Journal

03/06/2014 - Photos

Une ferme en plein Détroit

par Nora Mandray, DIY Manifesto

Georgia Street - Le jardin des merveilles communautaires


Le « wild wild East » de Détroit, au sud de l’ancien aéroport, est un quartier peu recommandable si l’on en croit le bruissement des balles qui s’y perdent de temps à autres… Dans cet environnement hostile, Mark Covington a construit en l’espace de trois ans, un joli bout de jardin communautaire, une serre et même une véritable ferme.

Mark a toujours vécu à Georgia Street, entouré de sa famille. Ici, tout le monde le connaît et le salue, comme par cette chaude matinée d’août. L’heure pour Mark de nourrir ses volailles et de nous conter son histoire. « Tout a commencé quand je me suis fait virer de la boîte où je travaillais, en décembre 2007. A l’époque, j’avais un bon boulot, payé 14 dollars de l’heure, je voyageais pas mal. Le côté moins sympa, c’est que je nettoyais des conteneurs contaminés… Un jour, on m’a demandé de faire un boulot vraiment trop risqué, j’ai refusé et je me suis plaint à la direction. Le lendemain, on m’avait rayé du listing pour non-respect des consignes de sécurité… C’est comme ça que je me suis retrouvé au chômage ».

« Cet hiver là, je voyais s’accumuler des tas de déchets en face de chez moi, à peine recouverts par les flocons de neige. Je me suis donné comme mission de nettoyer tout ça et de planter un jardin potager à la place. C’était en avril 2008. Puis les choses sont allées très vite. J’ai rejoint le « Garden Resource Program ». Pour 20 dollars, j’accède à une grande quantité de graines et de plantes, en plus de pouvoir assister à des formations pour des gens comme moi, qui cultivent en ville. C’est là que j’ai tout appris, le reste est venu à force de travailler la terre ».
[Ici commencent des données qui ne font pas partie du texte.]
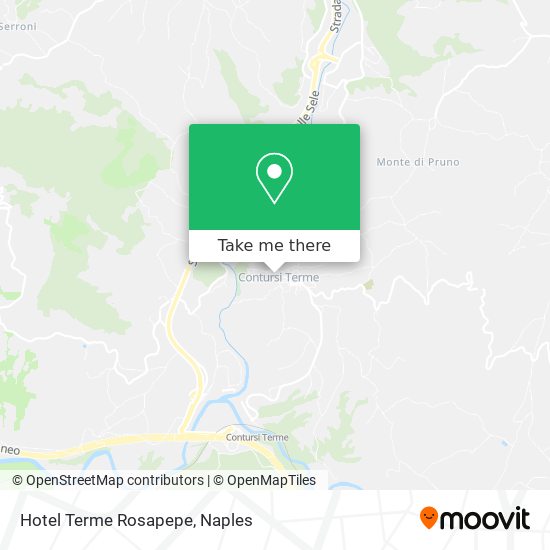 Hotel Terme Rosapepe map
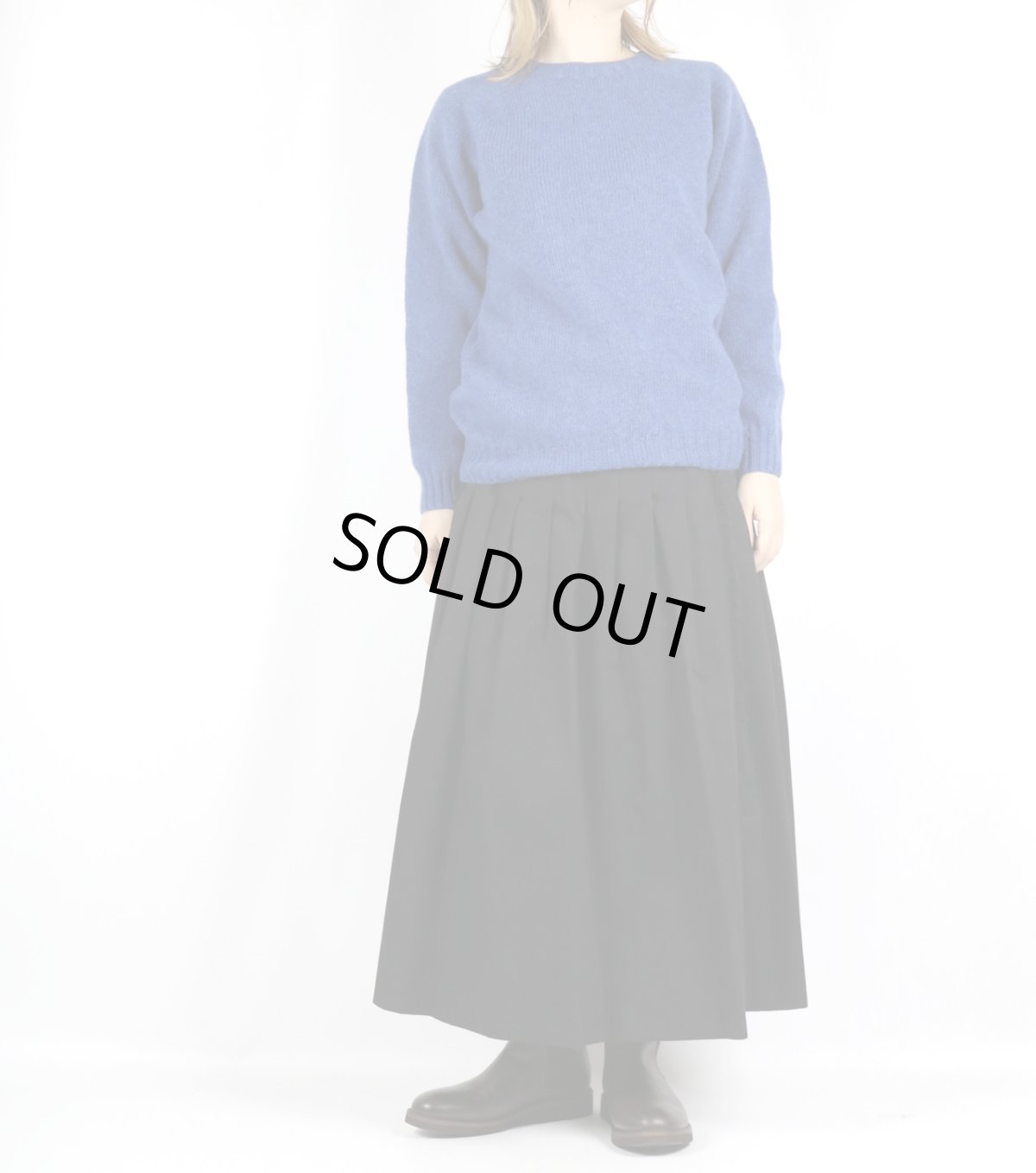 画像3: O'neil of Dublin COTTON TWILL LOW WAIST PLEATS WRAP SKIRT LENGTH 80cm (WITH PIN) (3)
« Aujourd’hui, j’ai plus de 60 poulets dans ma ferme. J’ai prévu de l’agrandir, je veux récupérer une chèvre, je n’ai qu’un mâle et je rêve de faire mes propres fromages ! En théorie, c’est interdit d’élever des animaux à Détroit… (la mairie de Détroit a lever l'interdit il y a quelques mois). Mais, dans la rue, il n’y a que quatre maisons habitées : les voisins n’ont rien contre mes bêtes… et les enfants en sont fans ! ».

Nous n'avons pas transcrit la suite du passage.